The country’s banking sector has suffered confidence issues with local depositors following a myriad of events, key among them the banking sector crisis of 2004 that saw several local banks placed under curatorship.
Additionally, during the hyperinflationary period of 2008-2009, depositors could not access their funds from banks while savings and pension values were lost as the economy adopted a multi-currency system.
Deposit protection is a scheme established by the government to protect depositors against the loss of their money placed with banks in the event of bank failure.
“The DPC is liaising with stakeholders for protection of FCA deposits which have remained uncovered by the Deposit Protection Scheme (DPS) since January 2019. “Extension of deposit protection to FCA Deposits, which is under consideration is expected to help to boost depositor confidence and promote overall financial stability,” the RBZ in the Financial Stability Report 2020 released last week said.
According to the central bank, effective deposit protection is an important facet of any financial system safety net, promoting public confidence in the sector, as well as stability of the financial systems. As at 31 December 2020, 95.5% of the banking sector’s depositor accounts were fully covered at the level of ZW$10 000 per depositor per bank.
This, the RBZ said, is in line with the public policy objectives of ensuring that at least 90% of the depositors are fully covered.
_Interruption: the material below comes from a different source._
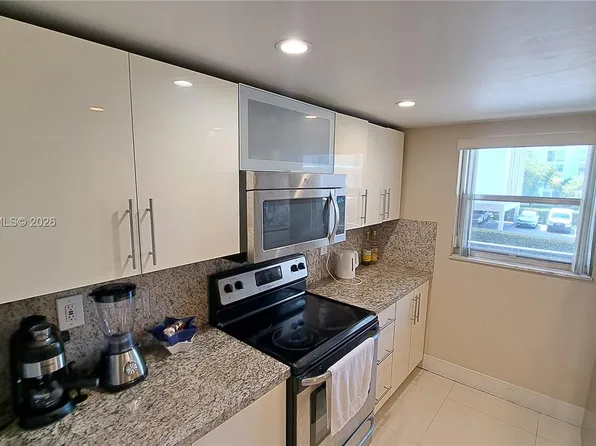 201 178th Dr APT 209, Sunny Isles Beach, FL 33160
The adequacy of the DPC Fund however remains of paramount importance in enhancing the corporation’s operational readiness to pay depositors in the event of bank failure. At ZW$134.9 million as of 31 December 2020, the DPC Fund was inadequate to cover an exposure of ZW$166.9 million to the eight contributory institutions, including mostly financial institutions on the watch list.
The DPC gets its funding from quarterly premium levies collected from member institutions and with effect from 1 January 2021, the Corporation reviewed upwards the premium rate from 0.2% to 0.3% per annum, as one of the strategies to close the funding gap.
However, the fund is also exposed to funding and investment risk due to economic volatility. “Premiums collected by the Corporation are mainly invested on the money market in local currency instruments.
Depreciation of the Zimbabwean dollar against the United States Dollar and the high inflation environment have the potential of diminishing the value of the Deposit Protection Fund,” RBZ said.